Development of Methods to Control Rodent Populations and Damage with an Emphasis on Invasive House Mice and Native Voles
PROJECT GOAL: Develop methods to reduce invasive and native rodent damage with both lethal and nonlethal approaches and reduce environmental and nontarget animal hazards with a primary emphasis on invasive house mice and native voles.
Project Accomplishments 2010
Molecular Genetics of Roof Rats in the U.S. Virgin Islands—National Wildlife Research Center (NWRC) scientists conducted a genetic analysis of tissues from ship rats ( Rattus rattus) captured on Congo Cay in the U.S. Virgin Islands and three other nearby islands to determine if the rats had survived an eradication effort in 2006 or re-invaded the area from neighboring islands. Analysis suggests that there was a single invasion, or if there were multiple invasions, that the rats came from a single source with limited genetic diversity. Model simulations indicated that, with no immigration among islands, it would require 100 rats to give rise to the present level of genetic differentiation between the islands. With immigration, 500 generations would be required.
These results indicate that the rats had not invaded from neighboring islands, but rather had survived the eradication effort. This information is useful for wildlife managers, as it indicates that future rat eradication efforts should consider the islands as independent eradication units.

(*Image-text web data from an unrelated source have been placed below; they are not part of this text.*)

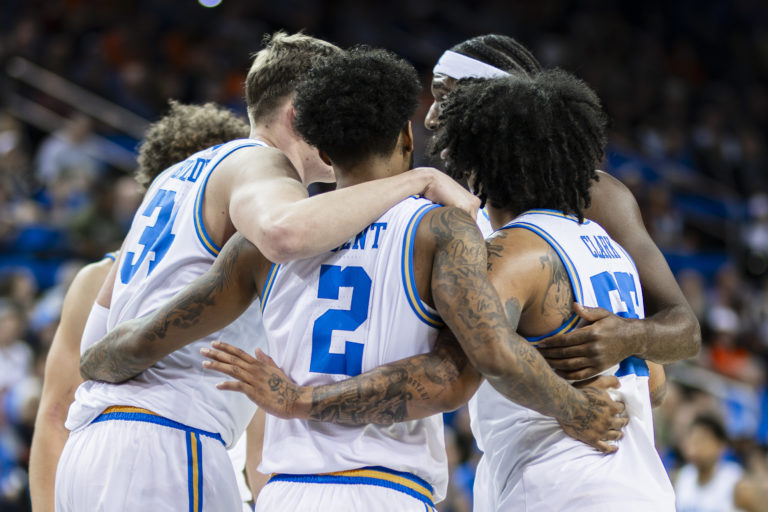 Scouting report: UCLA men’s basketball vs. Nebraska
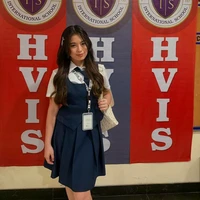Ella Dianne Hyun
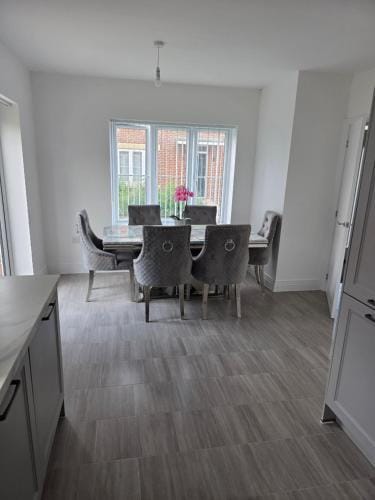 Alyc-home Hotel in Huntingdonshire District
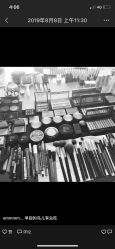 -DK·眉型设计brow修眉染眉化妆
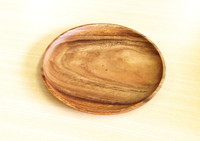 ラウンドディッシュ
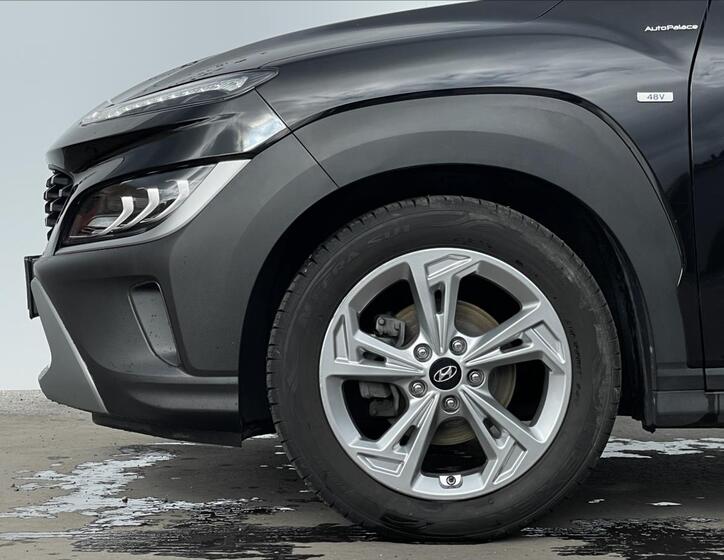 Hyundai Kona 19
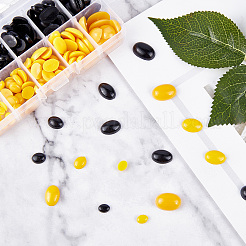 Пластиковые кукольные носы DIY-WH0189-23A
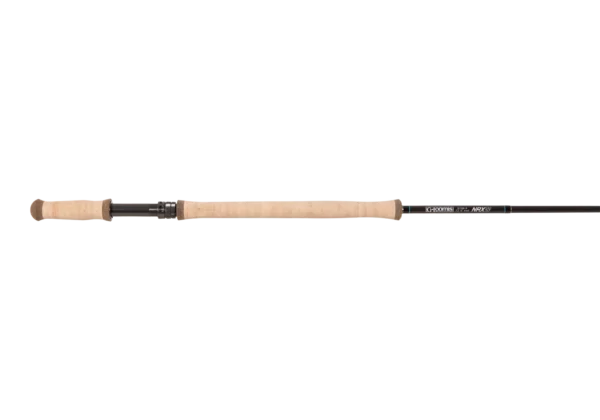 G. Loomis NRX + Spey
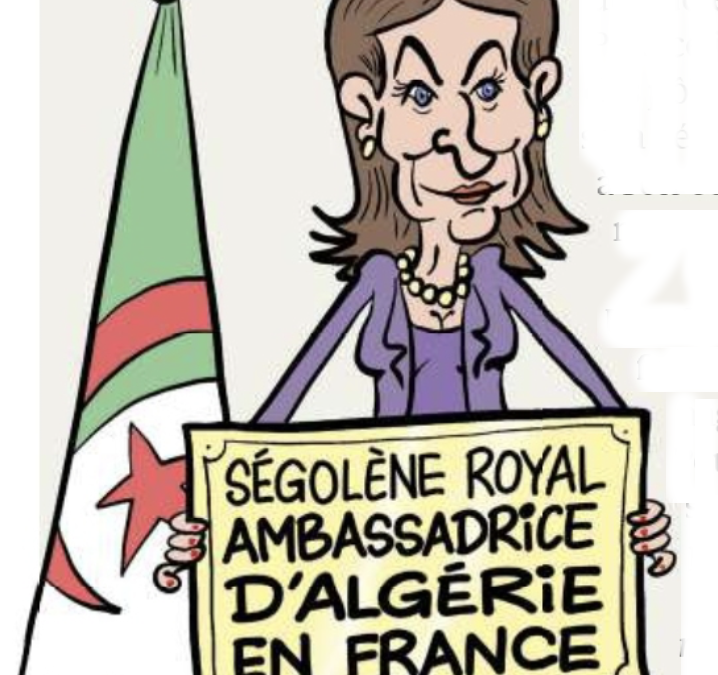 Ils font parfois l’actualité, 2026 1er sem.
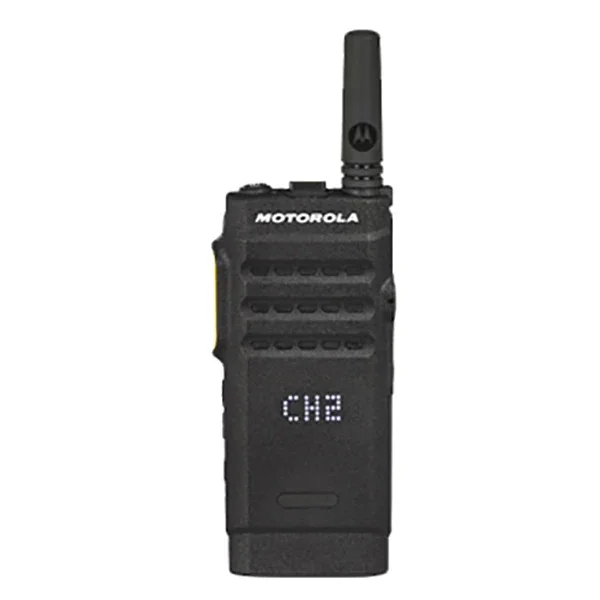 

Portable Slim SL500 DMR Walkie Talkie Security Radio SL300 SL1600 VHF/UHF for Handheld Two-Way Radio SL1M SL300 SL1600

Behavior of Invasive House Mouse—House mice ( Mus musculus) pose a threat to the native flora and fauna of islands and can cause significant damage wherever they have been introduced. Methods used to eradicate high-density invasive rodent populations such as house mice might not be appropriate for intercepting the rodents at lower densities. A better understanding of the behavior of house mice immediately after they are introduced to a novel environment would help wildlife managers develop effective biosecurity techniques to protect against new invasions.

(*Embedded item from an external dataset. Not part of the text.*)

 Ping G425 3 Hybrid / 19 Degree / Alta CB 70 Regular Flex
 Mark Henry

To help address this problem, NWRC researchers conducted a controlled laboratory experiment that simulated an invasion by wild house mice into a novel environment. The researchers quantified and compared the immediate (within 15 minutes) behaviors of house mice by testing various odors and other attractants (e.g., foods and other mice, shelter, water, and a control). Results showed that mice presented with novel stimuli most commonly sought shelter in a den box. Secondarily, the mice were interested in food scents, particularly cheese, bacon grease, almond extract, and peanut butter. Females investigated male urine and feces odors more often than males investigated female odors.

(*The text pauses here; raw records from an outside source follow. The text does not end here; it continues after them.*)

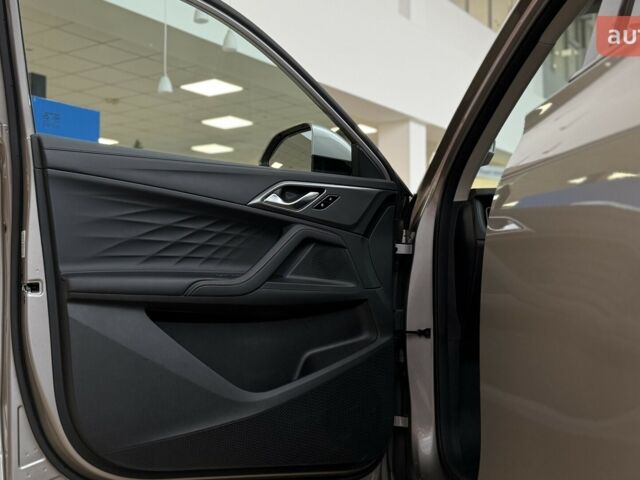 купить новое авто МГ HS 2025 года от официального дилера Автоцентр AUTO.RIA МГ фото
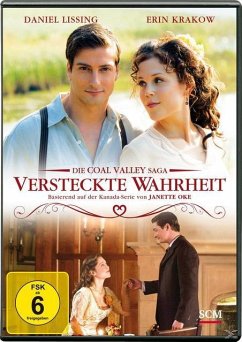 Versteckte Wahrheit - Die Coal Valley Saga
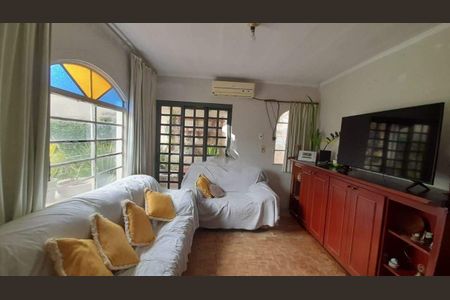 Casa à venda com 4 quartos, 96m² em Jardim Capivari, Campinas
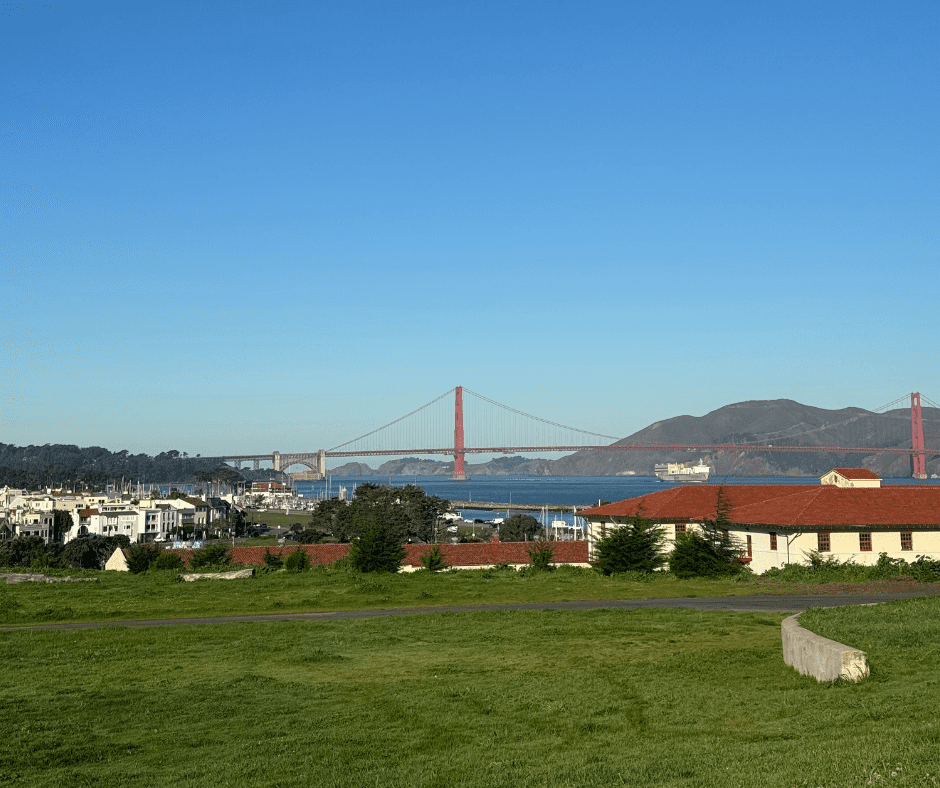 A Day in the Life Exploring San Francisco Through the Eyes of a Young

Based on these findings, the researchers surmised that a secure den box that includes certain food and mice odors might entice and hold mice in a restricted area for a short duration in a novel environment. If done properly, this arrangement could be utilized for early detection and response to newly-invading house mice.
Effects of Vitamin K-Rich Plants on Anticoagulants in Voles—Voles ( Microtus spp.) can cause significant losses to vegetable production in California. To reduce vole populations and damage, growers typically rely on anticoagulant rodenticide baits. However, in recent years, the efficacy of those rodenticides has been decreasing. One hypothesis suggests that voles foraging on green leafy plants consume high levels of vitamin K, the antidote to anticoagulants. In a recent study, NWRC scientists tested this hypothesis by feeding voles diets that were high in vitamin K (in green leafy plants commonly grown in California) prior to exposing them to either a chlorophacinone rodenticide bait, a diphacinone rodenticide bait, or a control bait (rodent chow). Mortality was 100% in voles fed the chlorophacinone bait and 60% in those fed the diphacinone bait. These results indicate that plants rich in vitamin K may counteract the effects of diphacinone but not chlorophacinone in voles.